# Winter Nose & Kelp ?



## CrystalAndZoe (Jul 11, 2006)

I was afraid this was going to happen. With the set up of the new store, my babies aren't getting any sunlight at all right now. Until Christmas is over, Jett, Callie and I are here at the store 7 days a week. Jett's nose is still as black as can be but my little Callie's nose is getting lighter. I know there have been some threads about using Kelp but has anyone actually used Kelp and had good results? I can't remember if anyone has shared their experiences. Any other things I can do to help her wee winter nose?


----------



## mysugarbears (Aug 13, 2007)

Here's a thread that was started about "Solid Gold Seameal" for a darker nose. http://spoiledmaltese.com/forum/64-picture-posts/107132-seameal-before-after-photos.html

I started to give the fluffs the seameal, but haven't used it enough to notice a difference yet.


----------



## Orla (Jul 5, 2009)

Milo's nose has faded - it did last year too - it bothered me last year because I was showing him and I tried everything - nothing worked. Seaweed powder, kelp, elderberry liquid thing(can't remember the name), seameal - It turned really black again around May.

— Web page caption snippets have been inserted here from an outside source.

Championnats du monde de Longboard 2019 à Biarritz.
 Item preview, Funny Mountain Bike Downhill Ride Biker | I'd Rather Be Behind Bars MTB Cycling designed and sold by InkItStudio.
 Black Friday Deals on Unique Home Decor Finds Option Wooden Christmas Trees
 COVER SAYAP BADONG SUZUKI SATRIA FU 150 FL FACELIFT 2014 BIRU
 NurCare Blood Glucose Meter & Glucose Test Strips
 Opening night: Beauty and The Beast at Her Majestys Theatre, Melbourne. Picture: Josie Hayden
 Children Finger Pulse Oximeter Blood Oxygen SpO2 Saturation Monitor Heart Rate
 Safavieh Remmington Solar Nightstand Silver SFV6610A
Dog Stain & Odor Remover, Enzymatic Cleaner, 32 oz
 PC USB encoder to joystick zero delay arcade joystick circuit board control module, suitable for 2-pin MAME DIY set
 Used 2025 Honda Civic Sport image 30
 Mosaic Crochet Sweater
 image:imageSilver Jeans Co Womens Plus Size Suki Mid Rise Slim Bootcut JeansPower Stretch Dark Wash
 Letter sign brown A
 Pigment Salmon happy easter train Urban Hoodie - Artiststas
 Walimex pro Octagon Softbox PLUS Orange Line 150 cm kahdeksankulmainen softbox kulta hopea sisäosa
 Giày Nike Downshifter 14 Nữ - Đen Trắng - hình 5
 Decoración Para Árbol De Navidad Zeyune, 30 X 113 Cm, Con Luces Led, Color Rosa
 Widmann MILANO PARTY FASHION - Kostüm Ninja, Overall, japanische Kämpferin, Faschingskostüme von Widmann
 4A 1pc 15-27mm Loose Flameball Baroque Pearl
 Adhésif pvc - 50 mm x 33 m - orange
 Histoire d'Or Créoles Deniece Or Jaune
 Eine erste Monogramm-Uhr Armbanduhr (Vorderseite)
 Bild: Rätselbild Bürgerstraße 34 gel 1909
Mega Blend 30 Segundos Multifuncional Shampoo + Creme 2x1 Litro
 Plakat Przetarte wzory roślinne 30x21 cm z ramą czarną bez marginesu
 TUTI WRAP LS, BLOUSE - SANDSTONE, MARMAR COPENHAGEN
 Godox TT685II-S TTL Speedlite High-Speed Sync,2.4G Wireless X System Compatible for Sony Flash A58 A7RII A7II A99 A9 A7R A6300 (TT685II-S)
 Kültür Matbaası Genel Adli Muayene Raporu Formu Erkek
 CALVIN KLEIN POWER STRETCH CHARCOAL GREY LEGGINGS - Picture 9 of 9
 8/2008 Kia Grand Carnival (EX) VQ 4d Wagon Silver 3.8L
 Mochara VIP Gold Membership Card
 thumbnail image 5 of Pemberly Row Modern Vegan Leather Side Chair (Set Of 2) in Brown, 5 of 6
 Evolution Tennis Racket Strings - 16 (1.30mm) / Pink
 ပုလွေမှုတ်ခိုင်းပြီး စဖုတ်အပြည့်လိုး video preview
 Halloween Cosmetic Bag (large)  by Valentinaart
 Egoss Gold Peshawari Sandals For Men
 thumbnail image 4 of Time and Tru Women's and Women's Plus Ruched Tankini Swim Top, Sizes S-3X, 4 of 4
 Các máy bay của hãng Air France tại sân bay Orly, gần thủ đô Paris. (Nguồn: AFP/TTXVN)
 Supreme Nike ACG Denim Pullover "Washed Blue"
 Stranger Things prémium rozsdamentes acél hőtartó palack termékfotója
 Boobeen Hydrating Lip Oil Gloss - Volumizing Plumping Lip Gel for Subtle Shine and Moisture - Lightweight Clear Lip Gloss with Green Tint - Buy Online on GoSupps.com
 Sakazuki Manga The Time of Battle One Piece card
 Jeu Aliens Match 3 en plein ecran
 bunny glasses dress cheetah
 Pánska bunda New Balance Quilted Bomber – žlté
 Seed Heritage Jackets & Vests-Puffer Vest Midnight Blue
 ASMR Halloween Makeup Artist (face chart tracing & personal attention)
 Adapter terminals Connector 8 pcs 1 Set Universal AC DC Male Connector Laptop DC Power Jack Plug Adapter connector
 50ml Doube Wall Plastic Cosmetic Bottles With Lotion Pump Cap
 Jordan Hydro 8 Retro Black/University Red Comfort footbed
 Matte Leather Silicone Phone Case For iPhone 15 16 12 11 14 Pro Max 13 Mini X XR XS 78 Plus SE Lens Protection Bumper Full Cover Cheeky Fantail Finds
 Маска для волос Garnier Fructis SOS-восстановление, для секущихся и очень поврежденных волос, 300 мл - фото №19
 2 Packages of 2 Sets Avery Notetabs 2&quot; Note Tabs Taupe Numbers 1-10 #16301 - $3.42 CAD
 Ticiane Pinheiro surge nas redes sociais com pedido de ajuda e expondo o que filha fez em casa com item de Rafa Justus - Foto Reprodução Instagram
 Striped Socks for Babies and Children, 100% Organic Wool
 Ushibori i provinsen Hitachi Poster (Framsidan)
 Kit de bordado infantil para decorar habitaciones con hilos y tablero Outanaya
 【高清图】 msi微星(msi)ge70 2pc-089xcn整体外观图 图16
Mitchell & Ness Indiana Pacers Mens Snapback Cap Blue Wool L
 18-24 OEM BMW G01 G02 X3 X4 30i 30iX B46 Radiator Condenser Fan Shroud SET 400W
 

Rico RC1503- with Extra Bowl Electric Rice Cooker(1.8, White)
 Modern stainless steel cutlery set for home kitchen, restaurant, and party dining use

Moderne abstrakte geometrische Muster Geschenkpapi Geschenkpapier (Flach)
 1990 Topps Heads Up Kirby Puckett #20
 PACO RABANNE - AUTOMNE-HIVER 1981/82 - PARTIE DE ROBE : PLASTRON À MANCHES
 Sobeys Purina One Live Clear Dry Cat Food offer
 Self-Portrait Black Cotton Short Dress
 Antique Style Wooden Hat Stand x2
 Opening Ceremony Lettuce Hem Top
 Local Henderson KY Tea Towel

ETA - correction - seameal may have worked - I started using it in early june/late may and his nose did get darker - but it was also way sunnier outside.


----------



## mary-anderson (Jan 12, 2010)

My fluffs get kelp everyday. When I adopted Liberty are nose was a light brown and have to say it still is. Was hoping it would get darker but nope.


----------



## iheartbisou (Feb 13, 2007)

when I posted that about Bisou's nose turning darker due to the seameal...it did but it was also in the summertime that it did that. We don't get a lot of sun here but she does sleep in it everyday it is out. I think the seameal helped her, but also the sun did the most.


----------



## maltlovereileen (Jan 19, 2009)

Has anyone ever tried setting up one of those UV ights? They use them to fight depression too... maybe set one of by your cash register and the doggies can bask?


----------



## lori (Jul 8, 2008)

Are there any other benefits of adding kelp to their diet?


----------



## Cosy (Feb 9, 2006)

Seameal is full of vitamins and minerals that may be missing in some dog foods. I personally think a combination of sun and the Seameal work together. I also think if the nose has gotten too light for a great length of time it may not completely come back. I know Cosy's fades a bit in the winter but always returns in the spring (knock on wood). I give her seameal, but not always everyday. She loves it and eats it straight.
She's a weird little thing. lol


----------



## CrystalAndZoe (Jul 11, 2006)

Well this doesn't sound too promising. Maybe on the few sunny days we have, I'll have to have G'ma & G'pa rotate between watching Callie & Jett so they both can get at least some sun.


----------



## Rocky's Mom (Apr 10, 2010)

Crystal, we are in the desert in AZ and Rocky's nose lightened in the last month. It was cold for a couple of weeks and he didn't go out much.:shocked: But now it's near 80 degrees, we're getting a warm spell for a week they predict, so I'm going to make sure he gets lots of sunshine to see if it darkens. Maybe you can have someone walk them during the day? Just thinking...I'm sure you would have thought of that though.


----------



## Rocky's Mom (Apr 10, 2010)

Oh didn't see this post, sorry. Yes, maybe that will help. Grandma and Grandpa to the rescue. :chili: You can always get them a mini tanning bed, or color his nose in.:HistericalSmiley:



Crystal&Zoe said:


> Well this doesn't sound too promising. Maybe on the few sunny days we have, I'll have to have G'ma & G'pa rotate between watching Callie & Jett so they both can get at least some sun.


----------



## CrystalAndZoe (Jul 11, 2006)

Rocky's Mom said:


> Crystal, we are in the desert in AZ and Rocky's nose lightened in the last month. It was cold for a couple of weeks and he didn't go out much.:shocked: But now it's near 80 degrees, we're getting a warm spell for a week they predict, so I'm going to make sure he gets lots of sunshine to see if it darkens. Maybe you can have someone walk them during the day? Just thinking...I'm sure you would have thought of that though.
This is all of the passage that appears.